> [ACTION ITEM] Copy the listing below exactly, but skip the pictures.
*** Opening of AVAILABLE RECORDS ***
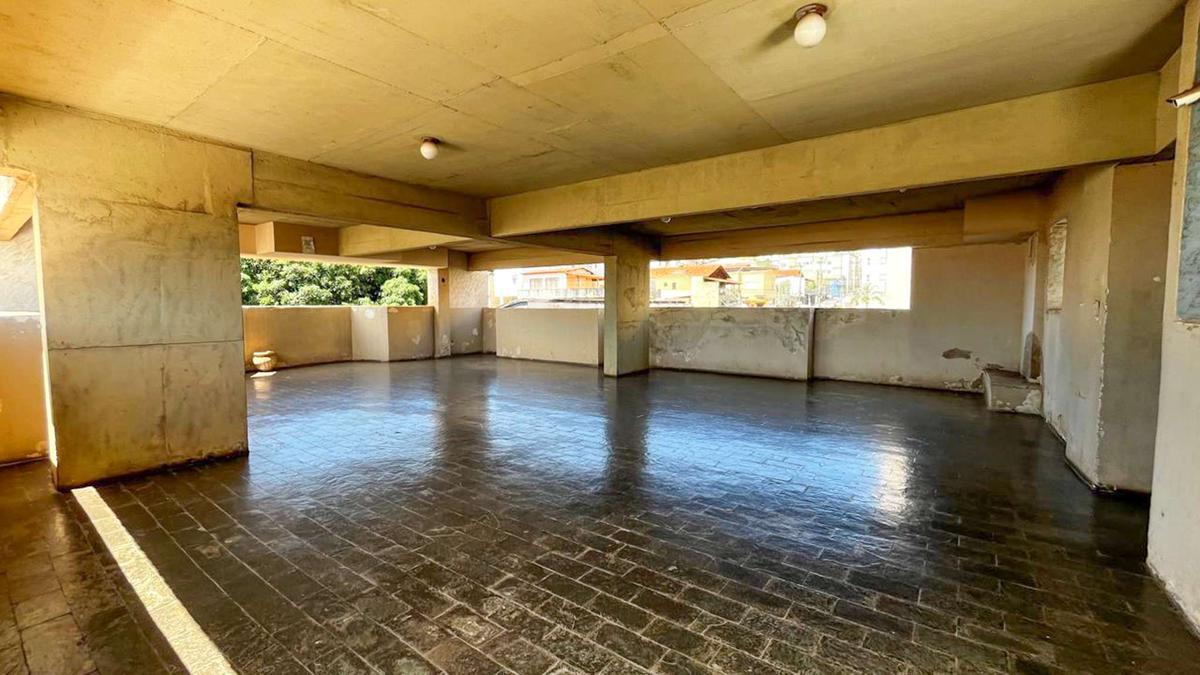 Apartamento, Santa Efigênia, 2 Quartos, 1 Vaga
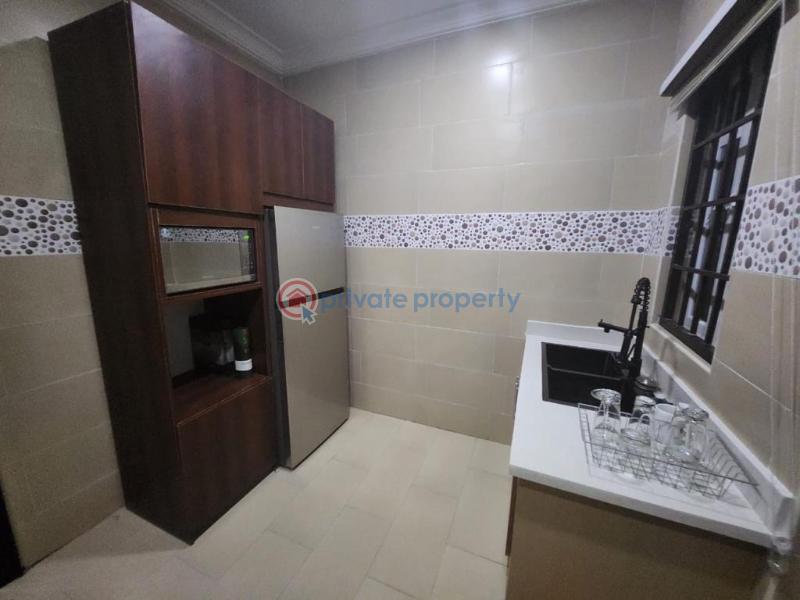 2 bedroom Flat & Apartment Short let Alausa Ikeja Lagos - 2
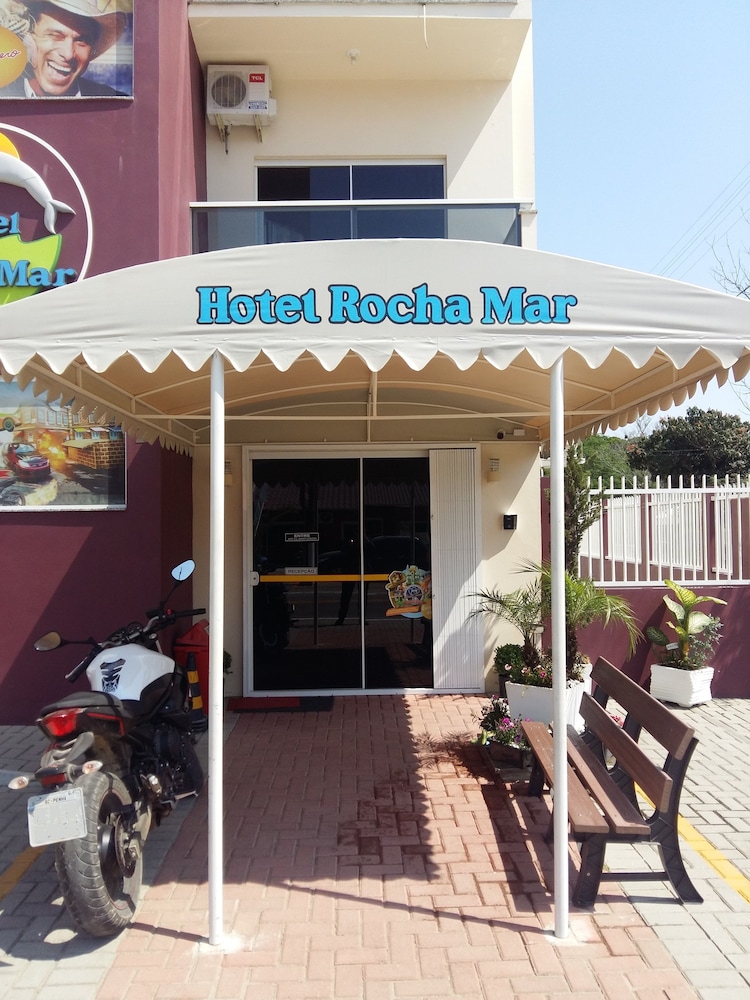 HOTEL ROCHAMAR 5/57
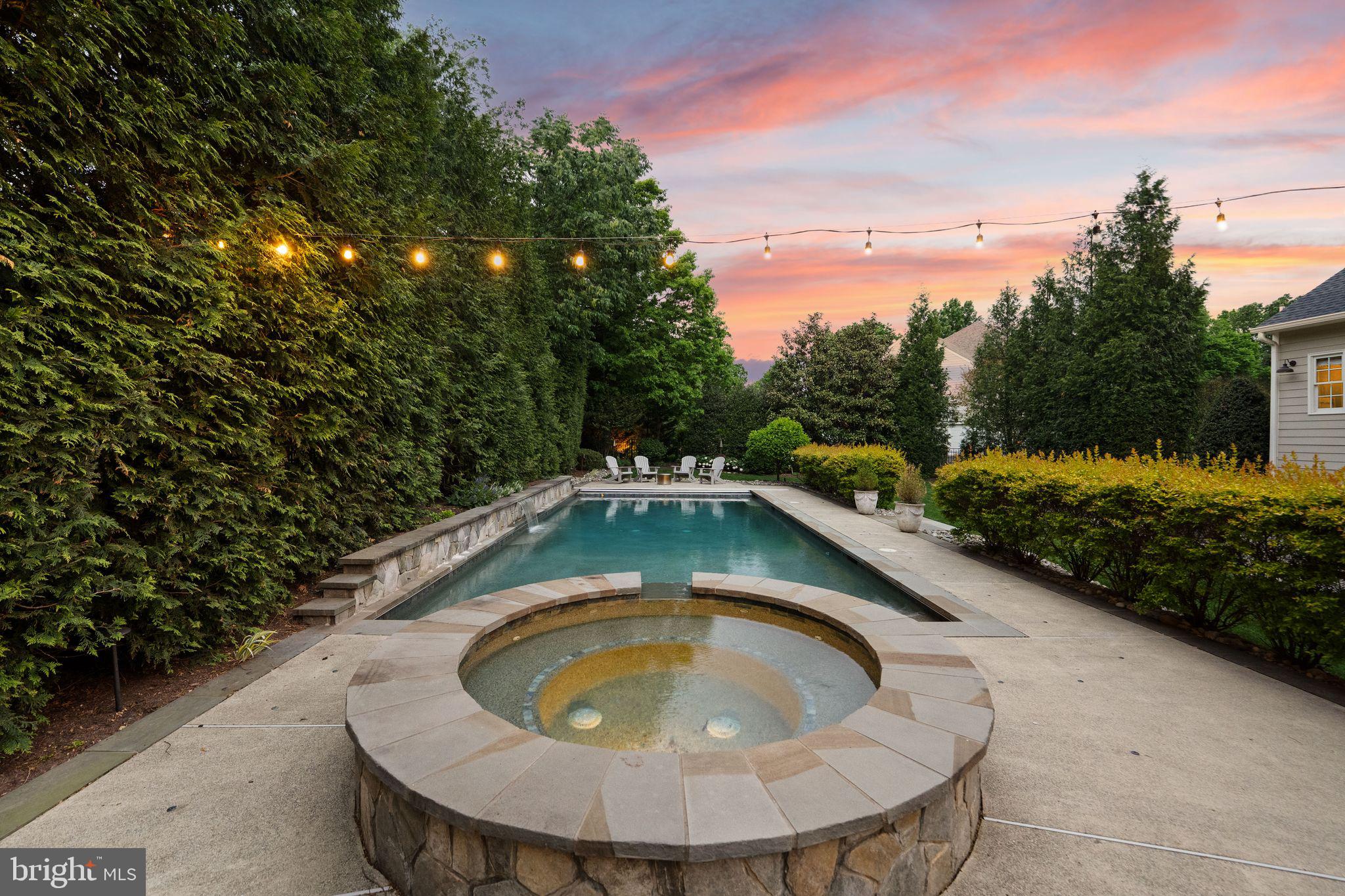 LANSDOWNE ON THE POTOMAC - Residential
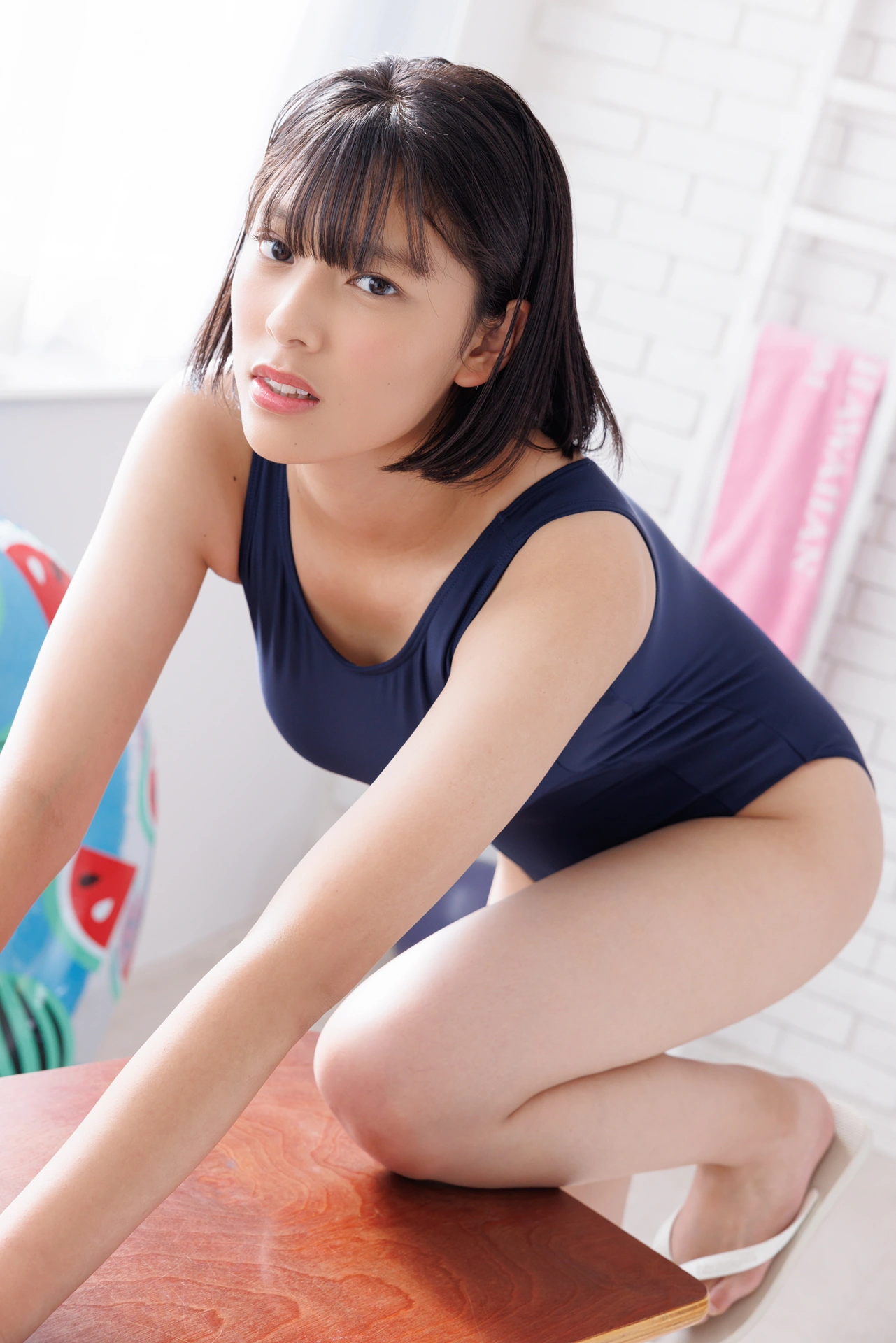 Eyu Hirayama 平山えゆ, Minisuka.tv [60P] RTYW3RT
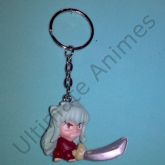 Chaveiro Inuyasha (Inuyasha)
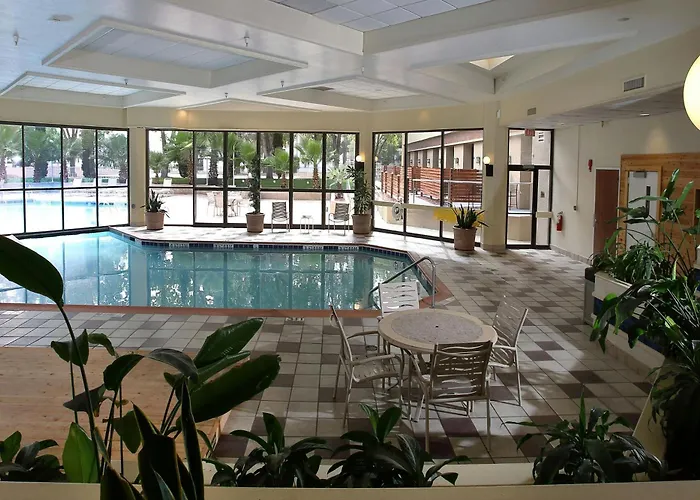 Marriott El Paso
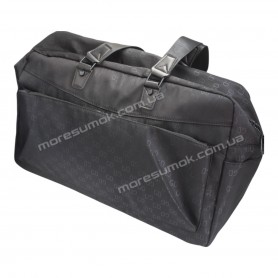 Спортивні сумки YS2211-2 black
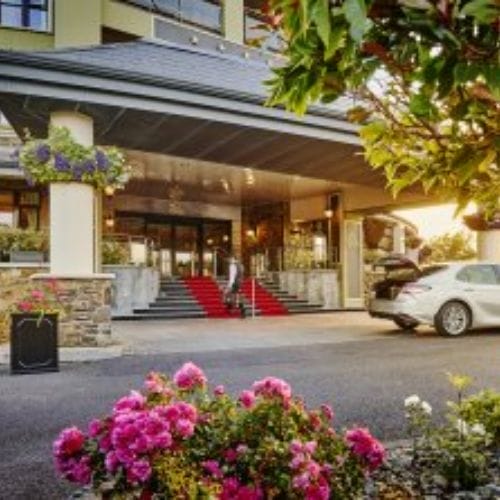 Win a Spa Break Worth €500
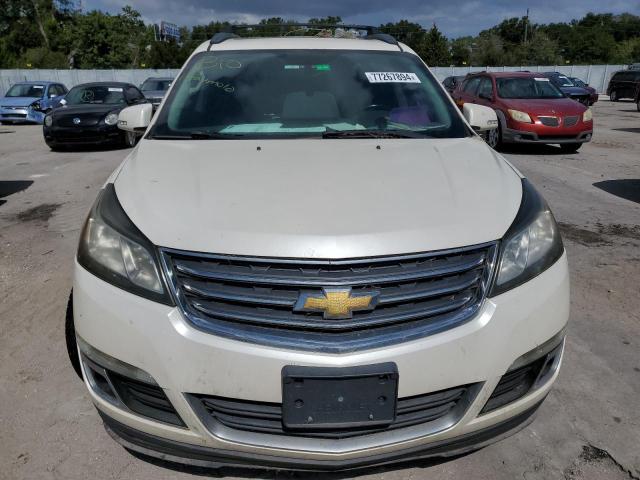 Photo 4 VIN: 1GNKRHKD0EJ331733 - CHEVROLET TRAVERSE L 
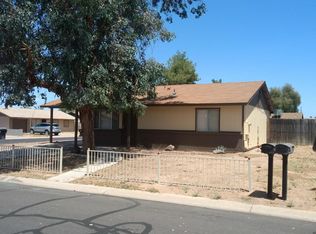 7826 E Glade Ave, Mesa, AZ 85209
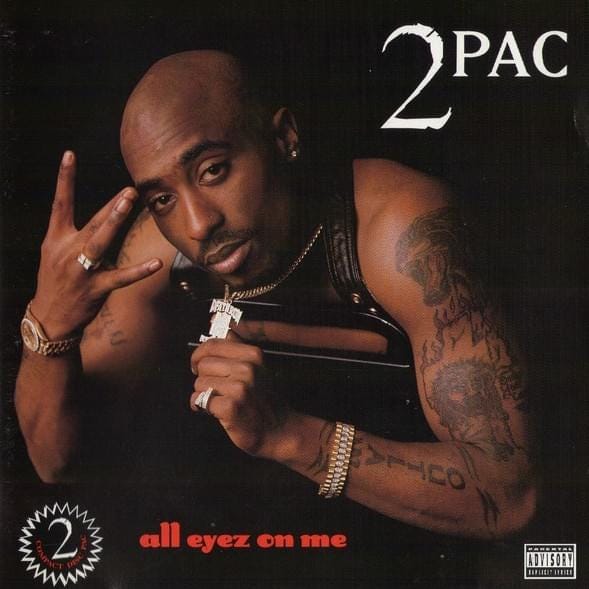 2pac all eyez on me album download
*** Close of AVAILABLE RECORDS ***
> [YOUR SOLUTION]
 Apartamento, Santa Efigênia, 2 Quartos, 1 Vaga
 2 bedroom Flat & Apartment Short let Alausa Ikeja Lagos - 2
 HOTEL ROCHAMAR 5/57
 LANSDOWNE ON THE POTOMAC - Residential
 Eyu Hirayama 平山えゆ, Minisuka.tv [60P] RTYW3RT
 Chaveiro Inuyasha (Inuyasha)
 Marriott El Paso
 Спортивні сумки YS2211-2 black
 Win a Spa Break Worth €500
 Photo 4 VIN: 1GNKRHKD0EJ331733 - CHEVROLET TRAVERSE L 
 7826 E Glade Ave, Mesa, AZ 85209
 2pac all eyez on me album download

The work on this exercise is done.